Avec 71 procédures venant de toute la France (35 à l'instruction, 23 en enquête préliminaire et 13 en attente d'examen par le parquet), l'amiante est, de loin, le dossier le plus important du pôle de santé publique du tribunal de Paris en 2006.

En France, la jurisprudence de la Cour de cassation sur la faute inexcusable de l'employeur du 28 février 2002 a conduit à une augmentation considérable des recours devant les tribunaux et à une condamnation quasi systématique des employeurs.

Avec 71 procédures venant de toute la France (35 à l'instruction, 23 en enquête préliminaire et 13 en attente d'examen par le parquet), l'amiante est, de loin, le dossier le plus important du pôle de santé publique du tribunal de Paris en 2006. La mise en cause des industriels de l'ancien Comité permanent amiante pourrait être envisagée ainsi que des responsables sanitaires et administratifs.

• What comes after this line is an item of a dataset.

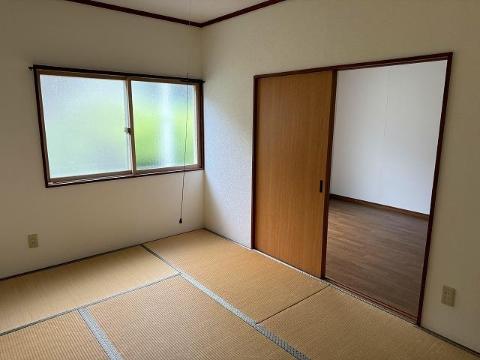 居室・リビング　室内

La société Alstom Power Boilers a été condamnée en appel à 75 000 euros d’amende dans une affaire d'amiante, pour « violation manifestement délibérée d’une obligation réglementaire de sécurité ou de prudence », premier cas en France d'une condamnation pour une exposition à un risque et non pour dommage réalisé, certains salariés n'étant pas encore déclarés atteints de maladie due à l'amiante. L’un des anciens directeurs de l’usine a été condamné à 3 mois de prison avec sursis et de 3 000 euros d’amende pour « infraction à la réglementation générale sur l’hygiène et la sécurité ». Les 150 ex-salariés plaignant recevront 10 000 euros, soit au total plus de 1,5 million d’euros.

19 septembre 2006 : trois anciens directeurs de l'usine Ferodo Valeo de Condé-sur-Noireau sont mis en examen par les juges Marie-Odile Bertella-Geffroy et Didier Peltier pour blessures et homicides involontaires et non-assistance à personne en danger.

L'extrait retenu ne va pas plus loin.